= Price puzzle =

Phenomenon in monetary economics

The price puzzle is a phenomenon in monetary economics observed within structural vector autoregression (SVAR) models. It refers to the counterintuitive result where a contractionary monetary policy shock—typically modeled as an increase in short-term interest rates—is followed by an increase, rather than a decrease, in the price level. This anomaly challenges conventional macroeconomic theories that predict a decline in prices as monetary tightening reduces aggregate demand.

==Historical Context==
The term "price puzzle" was first introduced by Lawrence Christiano in 1992, who observed this anomaly in SVAR models analyzing U.S. monetary policy. Early studies found that when using short-term interest rates, such as the federal funds rate, as the primary indicator of monetary policy, SVAR models often produced results inconsistent with theoretical expectations. This sparked a series of investigations into the limitations of these models and the underlying causes of the puzzle.
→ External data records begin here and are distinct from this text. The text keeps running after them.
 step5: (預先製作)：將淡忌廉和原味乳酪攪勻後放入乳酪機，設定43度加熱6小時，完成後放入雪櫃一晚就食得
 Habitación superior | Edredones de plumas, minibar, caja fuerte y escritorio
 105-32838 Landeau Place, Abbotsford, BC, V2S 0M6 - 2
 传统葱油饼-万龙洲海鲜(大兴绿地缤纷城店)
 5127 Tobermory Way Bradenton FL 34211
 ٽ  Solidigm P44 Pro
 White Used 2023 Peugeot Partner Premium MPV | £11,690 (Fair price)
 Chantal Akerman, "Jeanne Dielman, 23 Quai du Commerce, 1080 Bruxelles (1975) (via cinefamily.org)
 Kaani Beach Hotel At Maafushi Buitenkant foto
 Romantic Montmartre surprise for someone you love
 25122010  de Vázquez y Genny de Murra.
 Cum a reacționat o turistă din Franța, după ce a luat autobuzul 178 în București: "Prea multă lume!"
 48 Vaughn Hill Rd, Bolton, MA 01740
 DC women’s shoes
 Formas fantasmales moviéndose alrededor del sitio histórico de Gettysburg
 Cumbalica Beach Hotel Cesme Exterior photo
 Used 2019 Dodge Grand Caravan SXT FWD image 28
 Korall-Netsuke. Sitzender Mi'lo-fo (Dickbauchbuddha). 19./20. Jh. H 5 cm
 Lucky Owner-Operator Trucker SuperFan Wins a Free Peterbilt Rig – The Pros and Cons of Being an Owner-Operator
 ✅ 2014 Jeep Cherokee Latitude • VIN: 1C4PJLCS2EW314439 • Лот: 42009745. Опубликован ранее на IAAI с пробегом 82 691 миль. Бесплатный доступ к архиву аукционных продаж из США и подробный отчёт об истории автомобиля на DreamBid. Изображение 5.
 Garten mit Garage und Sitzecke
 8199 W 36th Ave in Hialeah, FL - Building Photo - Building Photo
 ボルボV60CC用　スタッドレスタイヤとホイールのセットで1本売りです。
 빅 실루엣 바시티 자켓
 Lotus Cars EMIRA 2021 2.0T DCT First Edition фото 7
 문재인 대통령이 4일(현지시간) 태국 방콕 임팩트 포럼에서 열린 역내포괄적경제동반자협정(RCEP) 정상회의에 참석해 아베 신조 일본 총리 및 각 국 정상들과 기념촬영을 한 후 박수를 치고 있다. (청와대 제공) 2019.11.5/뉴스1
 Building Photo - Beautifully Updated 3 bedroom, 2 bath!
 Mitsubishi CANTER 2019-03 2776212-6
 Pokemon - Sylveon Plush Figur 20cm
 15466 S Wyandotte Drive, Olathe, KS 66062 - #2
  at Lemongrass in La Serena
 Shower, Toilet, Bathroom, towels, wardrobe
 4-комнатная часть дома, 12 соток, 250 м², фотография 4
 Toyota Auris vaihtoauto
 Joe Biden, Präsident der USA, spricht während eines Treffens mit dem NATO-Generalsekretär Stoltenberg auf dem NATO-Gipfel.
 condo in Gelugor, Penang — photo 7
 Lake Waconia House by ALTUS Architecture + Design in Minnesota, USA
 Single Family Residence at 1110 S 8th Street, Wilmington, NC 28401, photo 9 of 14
==Efforts to Resolve the Price Puzzle==
===Augmented Information Sets===
One approach to resolving the price puzzle involves expanding the information set in SVAR models. For instance, including variables like commodity prices or Federal Reserve forecasts (e.g., Greenbook data) can provide additional context for policy decisions, reducing the puzzle's prevalence.

=== Improved Identification Strategies for Monetary Policy Shocks===

====High-Frequency Identification (HFI)====
High-frequency identification exploits financial market reactions in narrow windows around monetary policy announcements (Gertler and Karadi, 2015; Nakamura and Steinsson, 2018). This approach leverages the fact that movements in financial instruments (like federal funds futures) during a tight window around Federal Open Market Committee (FOMC) announcements are likely driven by monetary policy news rather than other macroeconomic factors.

====Sign Restrictions====
Uhlig (2005) pioneered the use of sign restrictions in monetary policy SVARs. This approach imposes theoretically motivated restrictions on impulse responses while remaining agnostic about the response of key variables of interest (like prices). Modern applications often combine sign restrictions with other identifying assumptions:

- Narrative restrictions (Antolín-Díaz and Rubio-Ramírez, 2018)
- Zero restrictions (Arias et al., 2019)
- Long-run restrictions (Matthes and Schwartzman, 2019)

===New Explanation: Cost Channel of Monetary Policy===
One prominent explanation is the cost channel of monetary transmission. Higher interest rates increase firms' borrowing costs for working capital (used to pay wages and intermediate inputs), which can lead to higher production costs that are passed on to consumers in the form of higher prices, at least in the short run. The existence of this channel has important implications for the conduct of optimal monetary policy.

===Divisia Monetary Aggregates===
The study of Divisia monetary aggregates as superior policy indicators has its roots in the work of Keating et al. and Belongia and Ireland, who emphasized the importance of incorporating broad monetary aggregates into economic models to better understand monetary policy effects. Their research demonstrated that Divisia aggregates outperform traditional simple-sum measures, such as M1 and M2, by resolving anomalies like the price puzzle and establishing a more stable relationship between money supply and macroeconomic variables.